Friday, February 8, 2008

Eastern Promises

"He is no driver, He's the Undertaker."

Eastern Promises was one of those films that really had nothing spectacular to it, it is just ordinary people under ordinary circumstances, but that is what gives the film its genuineness. Director David Cronenberg (The Fly, A History of Violence), doesn't take to the hotspots of London like most filmmakers shooting there would, but rather opts for the subtle places, the places where characters can fully develop. The grunge, the damp, the underground world of the Russian mob.

The story follows Anna (played by Naomi Watts), who is a nurse that is greeted one night to pregnant mother dying on the operating table. The child survives and the only information that Anna can go by is a book written in Russian, that Anna needs help translating. On the other side of the law is Nikolai (played by Academy Awards nominee - Viggo Mortenson). Who is trying to climb the ladder of the Russian mob. When Anna asks a man to translate it (Semyon, who is in fact also in the Russian mob), he discovers that the information in the book can be incriminating against him, thus he seeks to destroy the book.

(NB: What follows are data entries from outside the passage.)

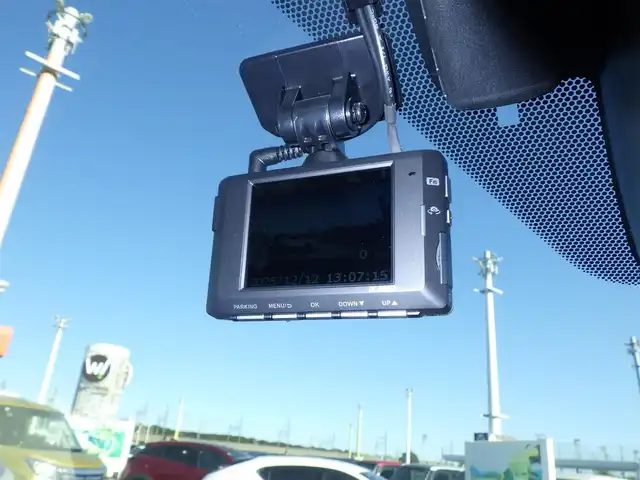 レクサス ＲＸ 450h バージョンL 千葉県 2021(令3)年 4.6万km ソニッククォーツ 235/55R20/Lexus Safety System+/・プリクラッシュセーフティ/・レーンディパーチャーアラート/・オートハイビーム/・レーダークルーズコントロール/・ブラインドスポットモニター/パワーバックドア/セミアニリンレザーシート/前席パワーシート/エアシート/各席シートヒーター/リア電動リクライニングシート/純正SDナビ/地デジTV/【DVD/CD再生機能　Bluetooth接続】/パノラミックビューモニター/ドライブレコーダー（前後撮影）/置くだけ充電/コンビハンドル/ステアリングスイッチ/パドルシフト/ETC（2.0）/3眼LEDヘッドライト/ウインカーミラー/クリアランスソナー/純正20インチアルミホイル/サイド/カーテンエアバッグ/スマートキー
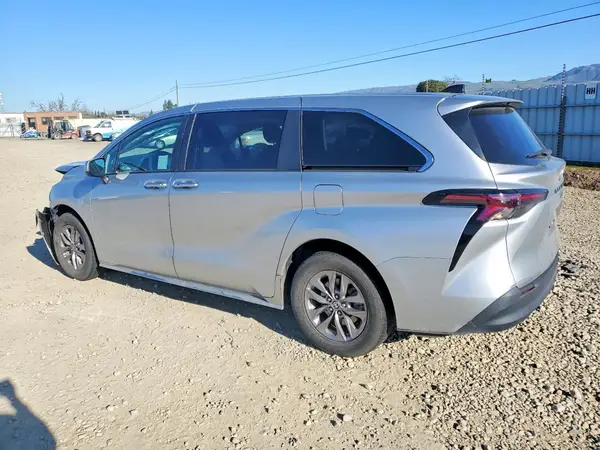 5TDKRKEC4PS141920 2023 TOYOTA SIENNA - Image 2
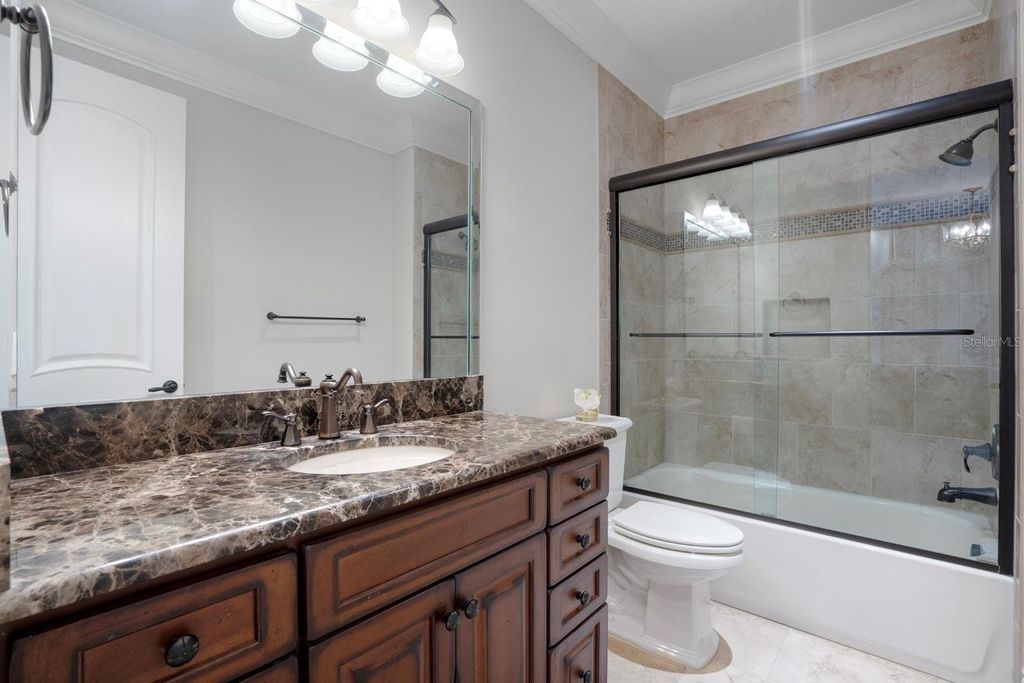 Image 32 of property listing at 1735 FOSS AVENUE, Orlando, FL 32814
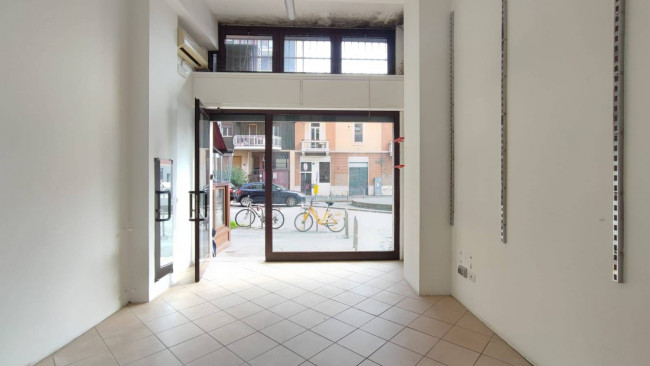 Locale commerciale in affitto a Milano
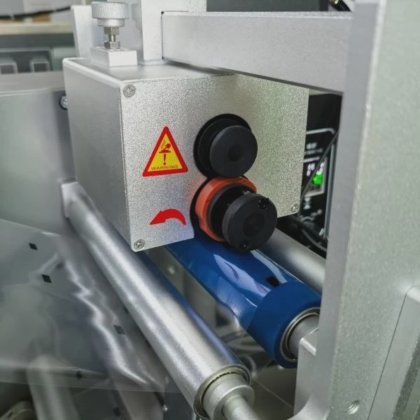 Dession 商用全自动水平式新鲜蔬菜和水果枕式包装机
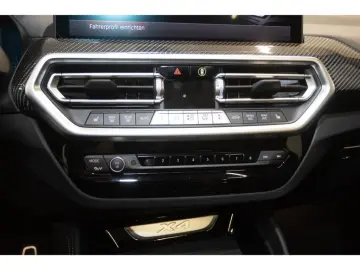 BMW X4 xDrive30dMSport AHK Panorama HUD Leder StandH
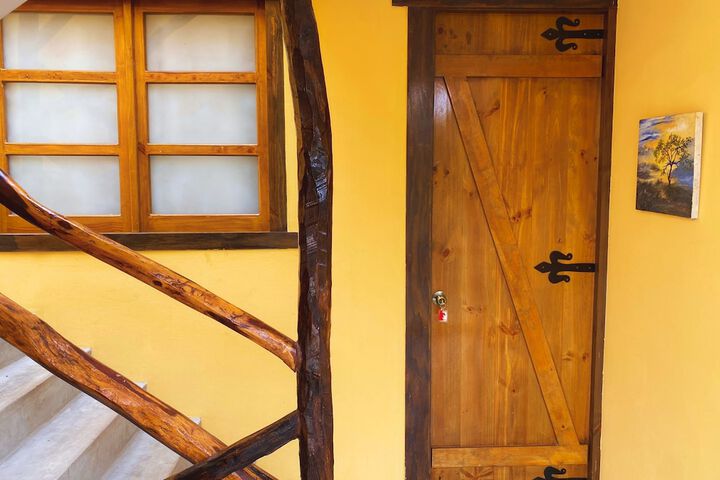 Room 3 of 199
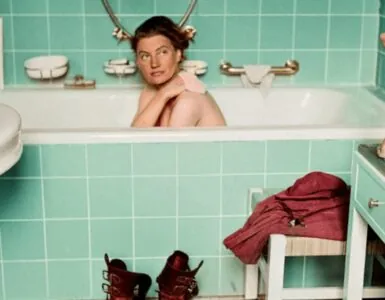 Foto del giorno: Lee Miller nella vasca del Führer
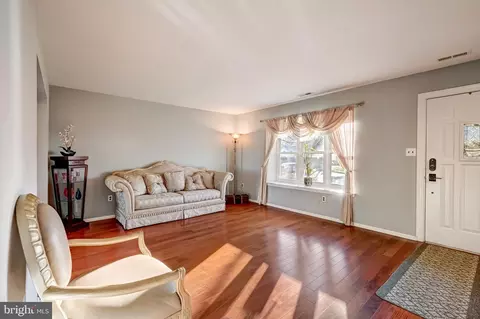 2 Sheffield Ct, Mount Laurel, NJ 08054 photo 8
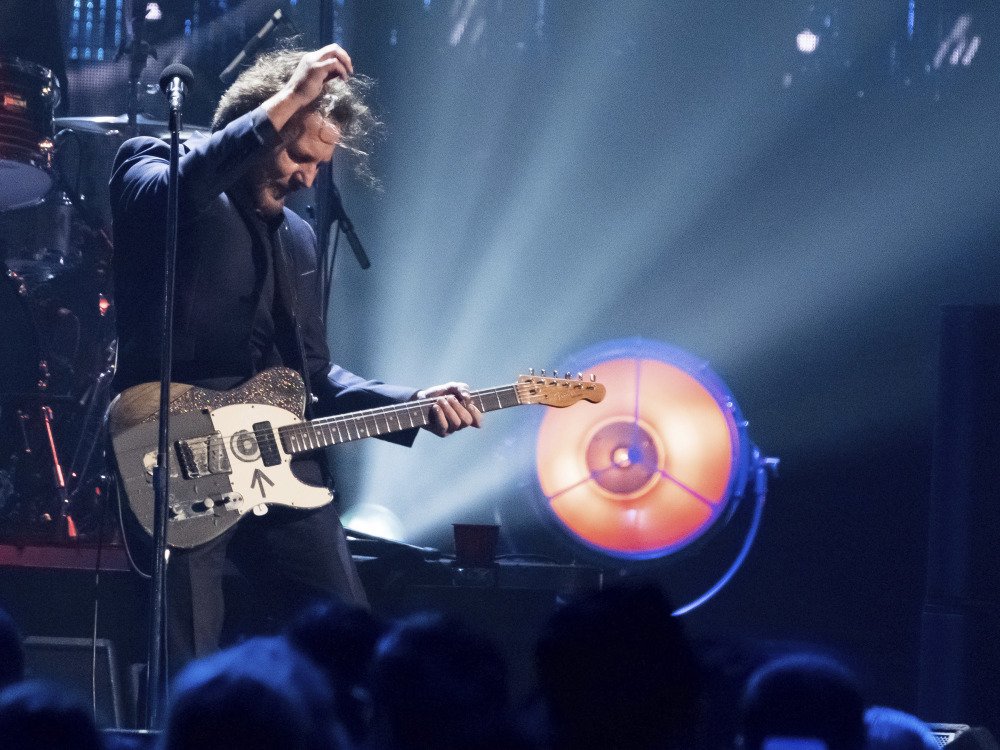 3ative's tweet photo. Pearl Jam Rocks, Snoop Dogg Recalls Smoking Blunts with Tupac, and Journey Kinda-Sorta… https://t.co/AG6DovY0Eh #Music #VPage #Journey https://t.co/HYSx8N1RoW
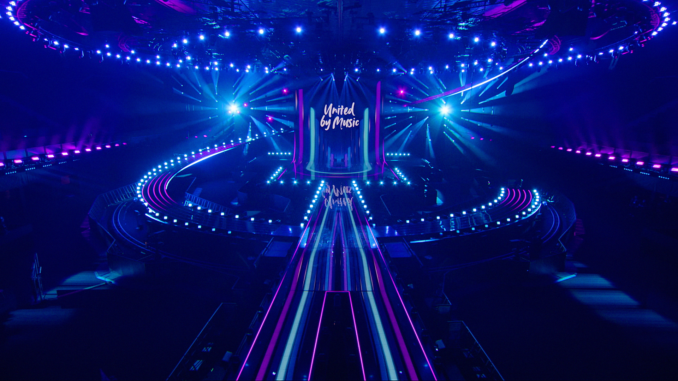 Wie die Wiener Stadthalle zur ESC-Bühne wird: LED-Blatt, goldenes Konstrukt und Hollywood-Kameras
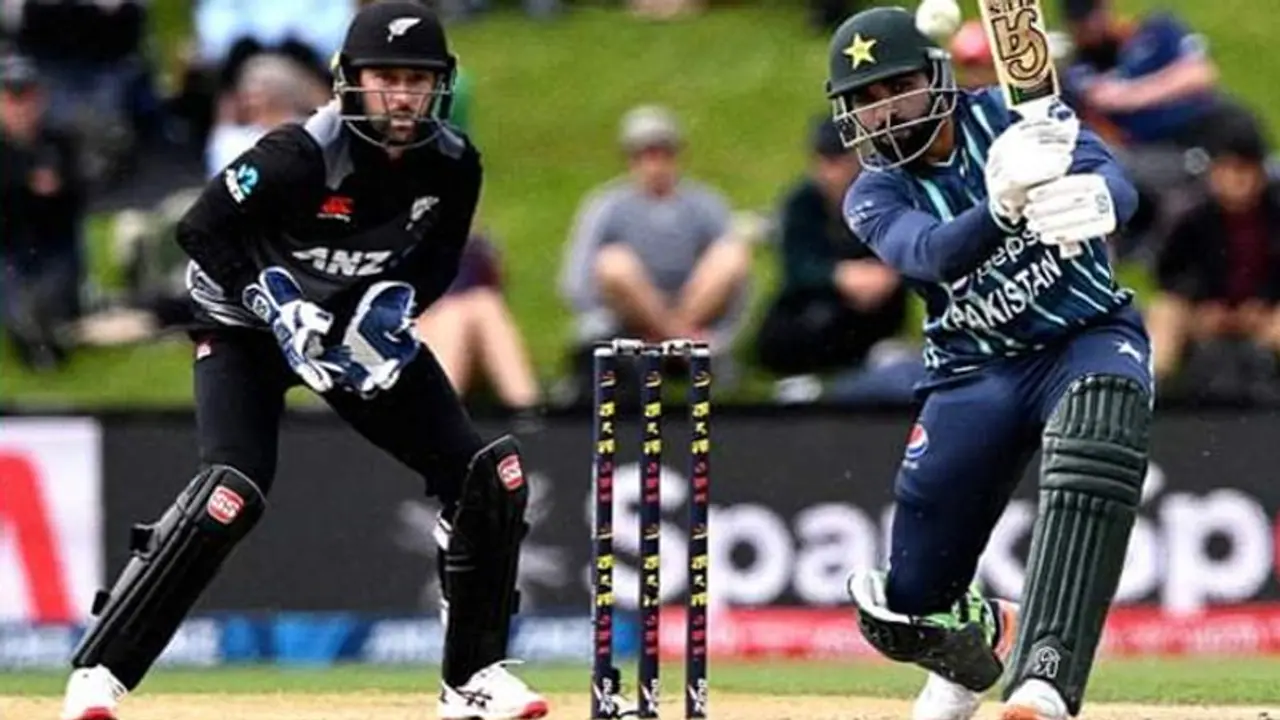 ഒരു സിക്‌സ് പോലും നേടാന്‍ പാക് ബാറ്റര്‍മാര്‍ക്കായില്ല; ത്രിരാഷ്ട്ര പരമ്പരയില്‍ ന്യൂസിലന്‍ഡിനെതിരെ തോല്‍വി
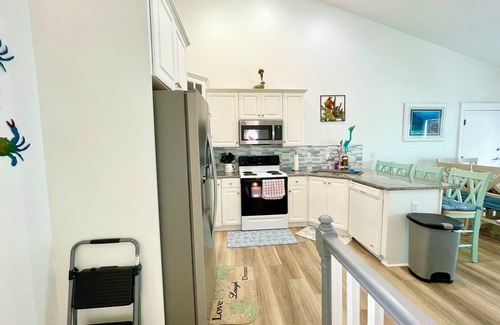 McCutcheon Field House | Laguna East #158 - 4 BD Oceanfront Home w/Direct Beach Access!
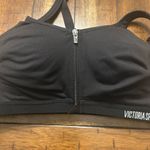 Victoria Sport Black Front Zip Sports Bra 36DD EUC Photo 2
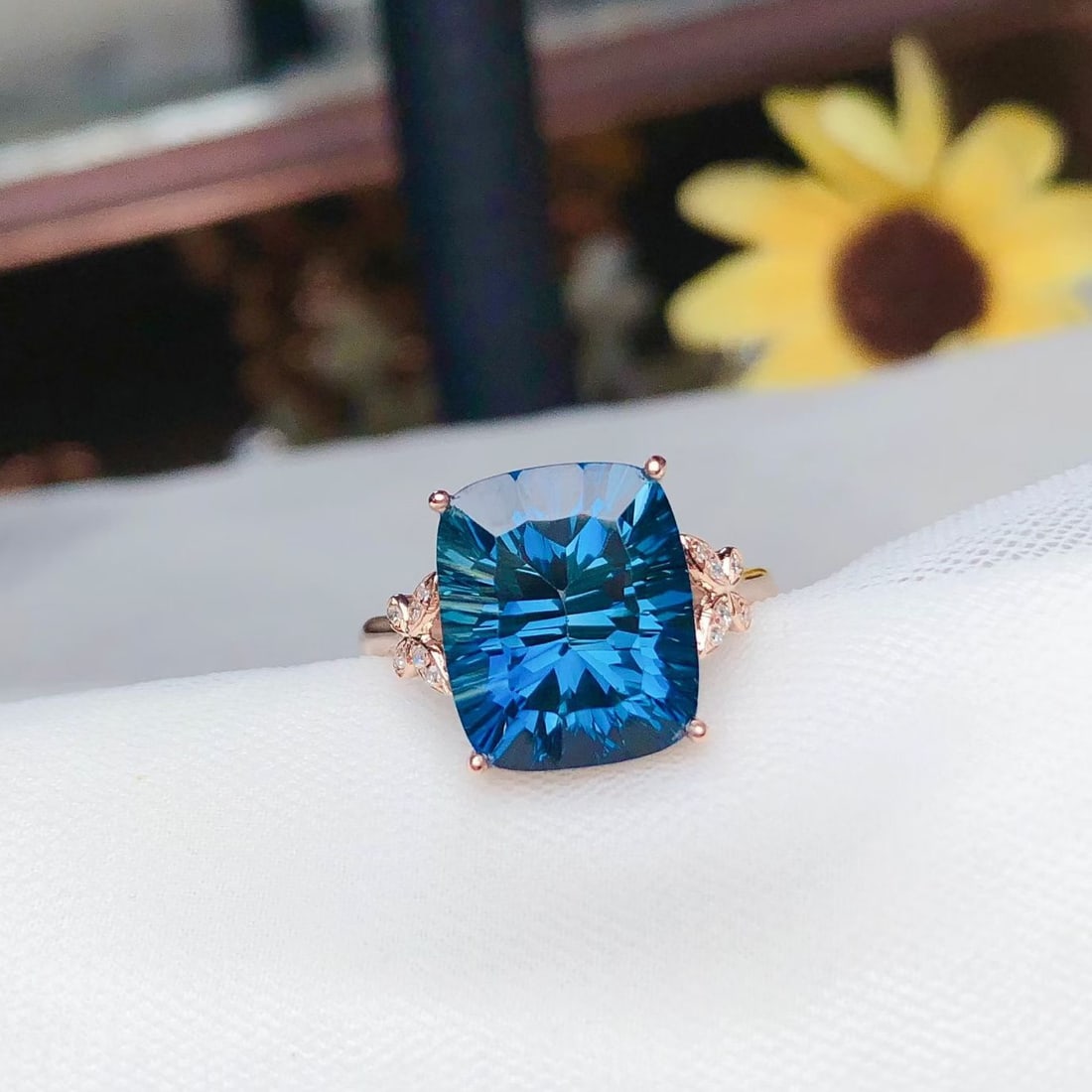14k Gold 6.80 Ct Natural Topaz & Diamond Ring: Ref:231114128 // gold content:14k gold // ring size:7. 25us // // main gemstone:topaz // shape:cushion // carat weight:6. 80ct // color:blue // treatment:natural // // adjacent gemstone 2 : diamond //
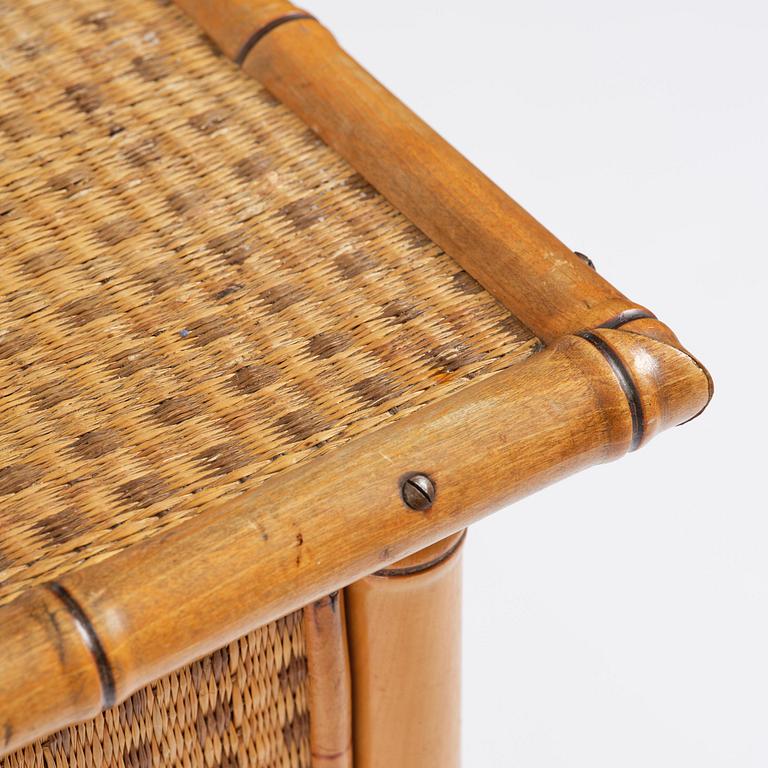 Byrå, modell "500", Bodafors Stol- och Möbelfabrik, 1890-tal.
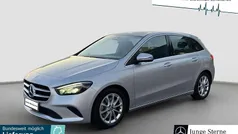 Gebraucht 2020 Mercedes 220 Premium Limousine | 26.280 € (Fairer Preis)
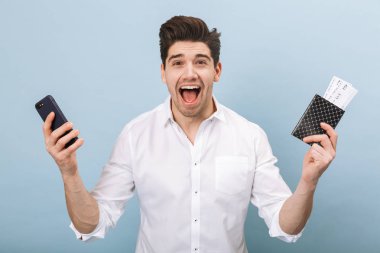 Neşeli, yakışıklı ve genç bir adam portresi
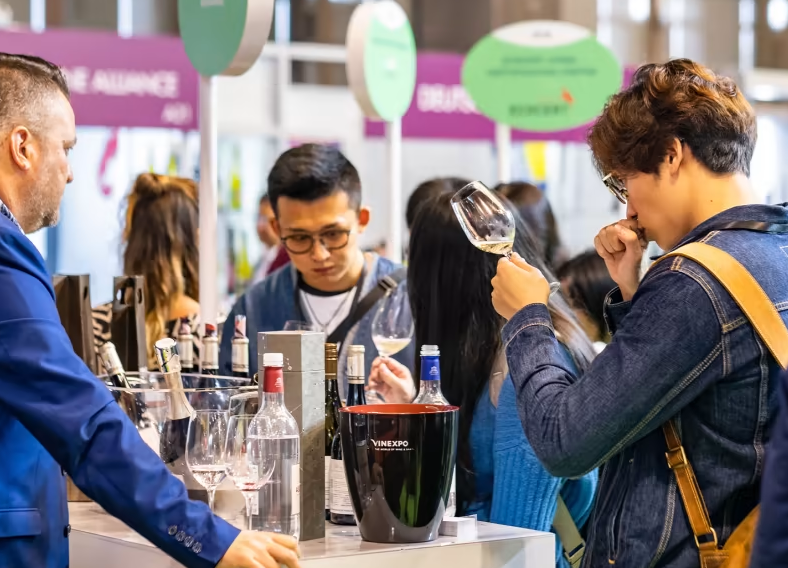 2028年新加坡葡萄酒、红酒、烈酒展览会ProWine Singapore展馆现场,专业观众参观实况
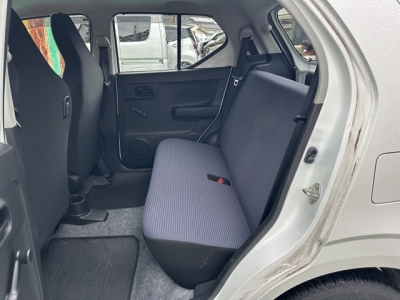 アルト(スズキ)中古車 後席内装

Overall the movie doesn't have alot of action in it (okay there is that sauna/bath house fight sequence, and the part where Nikolai goes "Sweeney Todd" on another guy) but mostly the film dwells on the web of back-stabbing between, Nikolai, Semyon, and Semyon's son Kirill. The structure for the story also follows a weird format, there really is no third act. The main character is never faced with a decision, but rather the decision is made for them.

Is this Cronenberg's best film? Most would tell you "no". But in all of his films the viewer is set in a world that has the basis of reality. The way Cronenberg tells his stories is never boring, but in some way you have to ask yourself "What is Cronenberg trying to tells us by this film?"